Sein Reid in his Luminous Landscape comments on the Ricoh GXR and new M mount adaptor says he is hoping for a future autofocus version. How would that be possible with a manual lens? Unless the sensor unit were motorized for focussing movement. How feasible is this?

Link to post
Share on other sites

  • Replies 46
  • Created
  • Last Reply

Probably not hard at all to make the front of the module itself (carrying the lens mount) move in and out several mms, controlled by the camera's AF-detect from the sensor. Something Ricoh can do with no input from Leica at all.

 

For longer lenses, it might require prefocusing manually to a range - a 90mm requires a cm or so of travel to get down to 1 meter, so one would need to set it to, say, 2 meters on the lens scale to get AF from 2m to 1m, and set it to infinity for AF from infinity down to 2 meters. But the wideangles only need to move a couple of mms. It could probably focus a 21 down to 1 foot.

 

It's not really much different from the way Contax managed to autofocus their older manual lenses with the Contax AX (motorized moving film plane) - except that moving the front is probably simpler than moving the sensor (with all its electronic connections) - and Ricoh wouldn't have to worry about moving a ground-glass and mirror box as well.

 

The AX also required setting manual focus to a range for longer lenses, since it was limited to about 1cm of travel.

Link to post
Share on other sites

Blimey.

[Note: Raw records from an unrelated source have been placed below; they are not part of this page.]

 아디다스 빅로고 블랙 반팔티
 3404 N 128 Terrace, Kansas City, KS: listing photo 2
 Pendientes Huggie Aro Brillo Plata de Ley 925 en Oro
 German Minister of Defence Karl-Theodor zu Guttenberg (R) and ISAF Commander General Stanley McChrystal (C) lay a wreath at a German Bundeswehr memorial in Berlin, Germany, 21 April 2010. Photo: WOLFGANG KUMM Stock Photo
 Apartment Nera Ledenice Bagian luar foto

Imagine how slow auto focus would be on Leica lenses... It take brute force to focus my 90mm Summicron by hand. You'd need a powerful motor to focus that. The battery would take some serious punishment too.

 

Zeiss has done it successfully with their Contax N.

Link to post
Share on other sites

Zeiss has done it successfully with their Contax N.

Not really Tom!

I had that discontinued system. Kyocera had some excellent design features in the N and the G systems but the focus mechanisms in the lenses have to be very different for autofocus. Aside from any other considerations the mechanism must be physically much lighter and easier to turn or the motor and battery demands would be huge of course.

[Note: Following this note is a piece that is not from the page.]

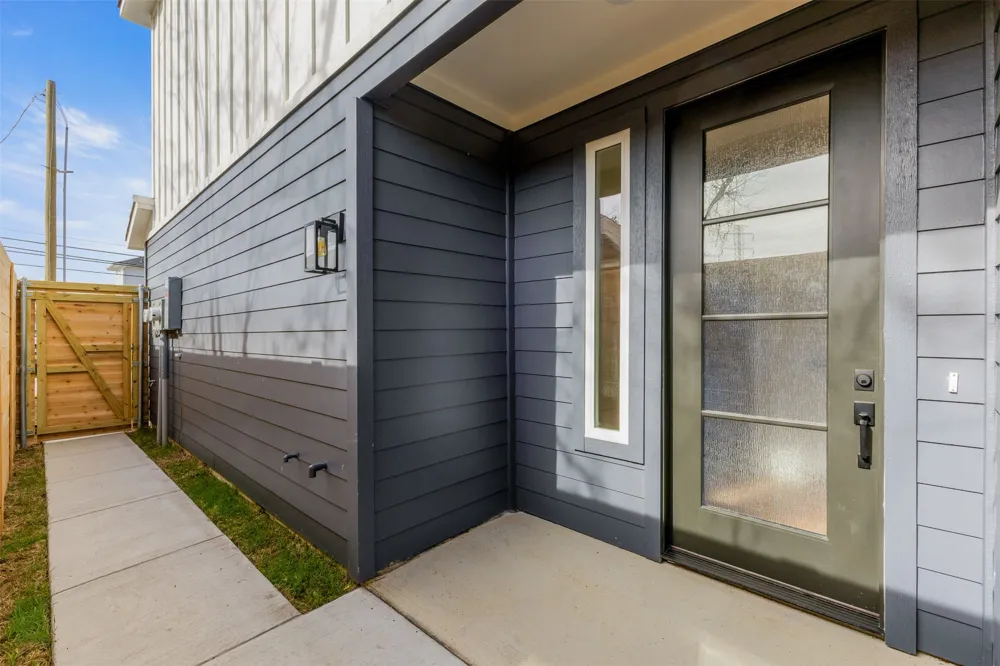 3524 Spring Avenue Dallas, TX 75210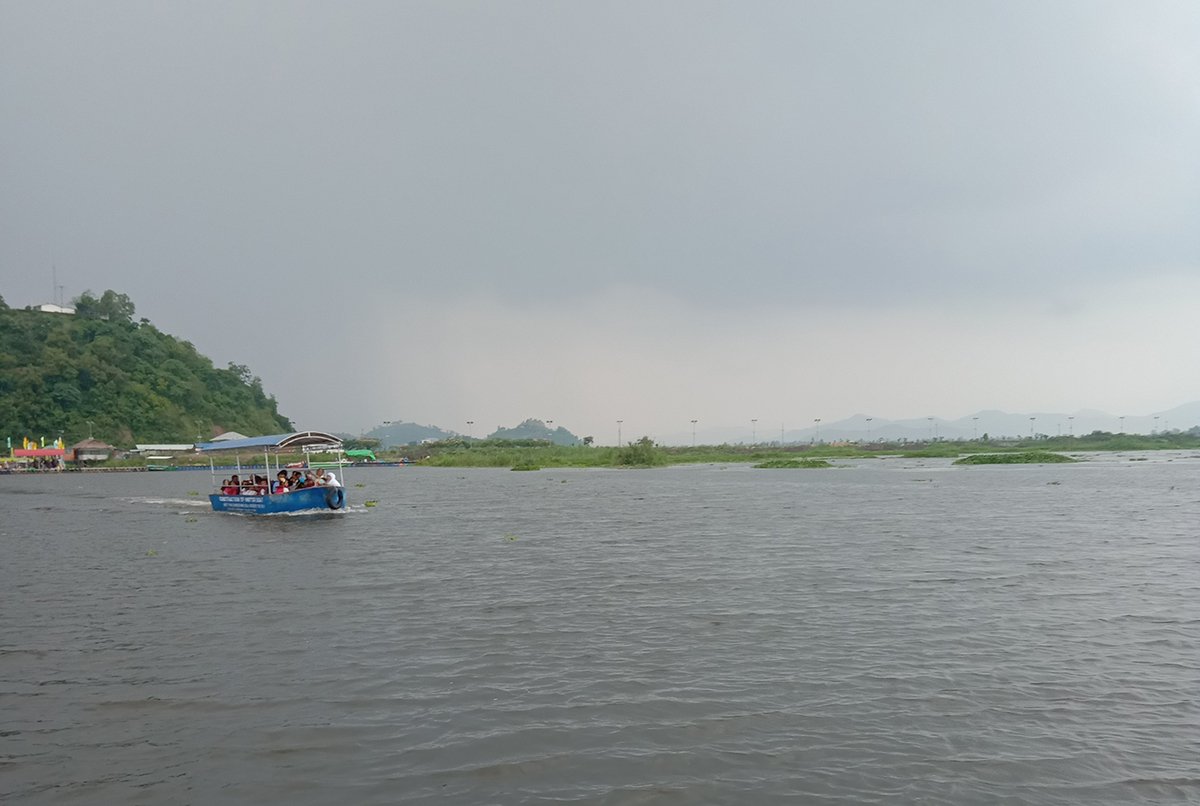 Imphal to Loktak Taxi Services - Book Taxi from Imphal to Loktak lake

For the Zeiss labelled lenses a comparison of the current manual focus designs for M and dSLRs to the discontinued N lenses would show the differences very clearly.

Link to post
Share on other sites

I think the most that we might hope for, at least the autofocus minded amongst us and the older users that start to notice the effect of age on eyes, is a focus confirmation LED like the Olympus OM 40.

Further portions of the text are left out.